The response must reproduce every record below without alteration.

Crawled caption data:
___
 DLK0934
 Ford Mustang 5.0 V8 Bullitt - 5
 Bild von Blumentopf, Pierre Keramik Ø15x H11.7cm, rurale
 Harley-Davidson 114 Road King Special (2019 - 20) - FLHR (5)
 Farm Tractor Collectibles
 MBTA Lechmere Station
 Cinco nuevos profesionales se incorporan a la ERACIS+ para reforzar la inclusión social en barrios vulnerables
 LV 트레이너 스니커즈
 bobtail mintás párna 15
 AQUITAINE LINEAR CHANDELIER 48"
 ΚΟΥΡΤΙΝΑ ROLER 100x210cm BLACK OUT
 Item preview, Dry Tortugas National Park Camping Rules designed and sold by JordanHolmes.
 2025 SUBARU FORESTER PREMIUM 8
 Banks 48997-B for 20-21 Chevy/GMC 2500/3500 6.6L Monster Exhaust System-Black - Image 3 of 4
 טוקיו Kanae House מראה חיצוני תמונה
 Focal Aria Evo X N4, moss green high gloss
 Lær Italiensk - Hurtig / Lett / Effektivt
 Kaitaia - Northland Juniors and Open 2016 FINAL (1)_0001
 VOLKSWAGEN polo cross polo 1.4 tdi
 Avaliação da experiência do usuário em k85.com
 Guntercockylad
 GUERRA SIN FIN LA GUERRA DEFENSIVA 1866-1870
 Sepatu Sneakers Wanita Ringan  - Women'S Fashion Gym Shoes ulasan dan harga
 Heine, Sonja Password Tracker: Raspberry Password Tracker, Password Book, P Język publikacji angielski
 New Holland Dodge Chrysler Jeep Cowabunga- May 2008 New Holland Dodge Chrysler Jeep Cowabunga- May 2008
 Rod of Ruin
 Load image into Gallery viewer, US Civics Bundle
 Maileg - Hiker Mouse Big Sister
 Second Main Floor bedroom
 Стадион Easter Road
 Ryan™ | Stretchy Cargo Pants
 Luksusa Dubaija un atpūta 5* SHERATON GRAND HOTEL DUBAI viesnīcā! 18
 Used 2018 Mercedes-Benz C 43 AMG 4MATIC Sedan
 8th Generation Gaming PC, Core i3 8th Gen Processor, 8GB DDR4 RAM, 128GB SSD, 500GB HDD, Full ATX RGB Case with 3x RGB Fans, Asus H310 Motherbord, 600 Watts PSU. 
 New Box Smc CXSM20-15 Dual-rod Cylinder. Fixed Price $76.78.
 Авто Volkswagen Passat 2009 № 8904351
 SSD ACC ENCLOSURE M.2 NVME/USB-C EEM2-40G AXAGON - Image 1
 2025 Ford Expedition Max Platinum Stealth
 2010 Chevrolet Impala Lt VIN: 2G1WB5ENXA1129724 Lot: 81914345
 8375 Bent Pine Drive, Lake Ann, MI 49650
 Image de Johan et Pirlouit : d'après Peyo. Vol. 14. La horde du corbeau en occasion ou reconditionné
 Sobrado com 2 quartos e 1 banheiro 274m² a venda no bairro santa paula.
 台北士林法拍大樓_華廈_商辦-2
___
(Answer for this exercise):
 DLK0934
 Ford Mustang 5.0 V8 Bullitt - 5
 Bild von Blumentopf, Pierre Keramik Ø15x H11.7cm, rurale
 Harley-Davidson 114 Road King Special (2019 - 20) - FLHR (5)
 Farm Tractor Collectibles
 MBTA Lechmere Station
 Cinco nuevos profesionales se incorporan a la ERACIS+ para reforzar la inclusión social en barrios vulnerables
 LV 트레이너 스니커즈
 bobtail mintás párna 15
 AQUITAINE LINEAR CHANDELIER 48"
 ΚΟΥΡΤΙΝΑ ROLER 100x210cm BLACK OUT
 Item preview, Dry Tortugas National Park Camping Rules designed and sold by JordanHolmes.
 2025 SUBARU FORESTER PREMIUM 8
 Banks 48997-B for 20-21 Chevy/GMC 2500/3500 6.6L Monster Exhaust System-Black - Image 3 of 4
 טוקיו Kanae House מראה חיצוני תמונה
 Focal Aria Evo X N4, moss green high gloss
 Lær Italiensk - Hurtig / Lett / Effektivt
 Kaitaia - Northland Juniors and Open 2016 FINAL (1)_0001
 VOLKSWAGEN polo cross polo 1.4 tdi
 Avaliação da experiência do usuário em k85.com
 Guntercockylad
 GUERRA SIN FIN LA GUERRA DEFENSIVA 1866-1870
 Sepatu Sneakers Wanita Ringan  - Women'S Fashion Gym Shoes ulasan dan harga
 Heine, Sonja Password Tracker: Raspberry Password Tracker, Password Book, P Język publikacji angielski
 New Holland Dodge Chrysler Jeep Cowabunga- May 2008 New Holland Dodge Chrysler Jeep Cowabunga- May 2008
 Rod of Ruin
 Load image into Gallery viewer, US Civics Bundle
 Maileg - Hiker Mouse Big Sister
 Second Main Floor bedroom
 Стадион Easter Road
 Ryan™ | Stretchy Cargo Pants
 Luksusa Dubaija un atpūta 5* SHERATON GRAND HOTEL DUBAI viesnīcā! 18
 Used 2018 Mercedes-Benz C 43 AMG 4MATIC Sedan
 8th Generation Gaming PC, Core i3 8th Gen Processor, 8GB DDR4 RAM, 128GB SSD, 500GB HDD, Full ATX RGB Case with 3x RGB Fans, Asus H310 Motherbord, 600 Watts PSU. 
 New Box Smc CXSM20-15 Dual-rod Cylinder. Fixed Price $76.78.
 Авто Volkswagen Passat 2009 № 8904351
 SSD ACC ENCLOSURE M.2 NVME/USB-C EEM2-40G AXAGON - Image 1
 2025 Ford Expedition Max Platinum Stealth
 2010 Chevrolet Impala Lt VIN: 2G1WB5ENXA1129724 Lot: 81914345
 8375 Bent Pine Drive, Lake Ann, MI 49650
 Image de Johan et Pirlouit : d'après Peyo. Vol. 14. La horde du corbeau en occasion ou reconditionné
 Sobrado com 2 quartos e 1 banheiro 274m² a venda no bairro santa paula.
 台北士林法拍大樓_華廈_商辦-2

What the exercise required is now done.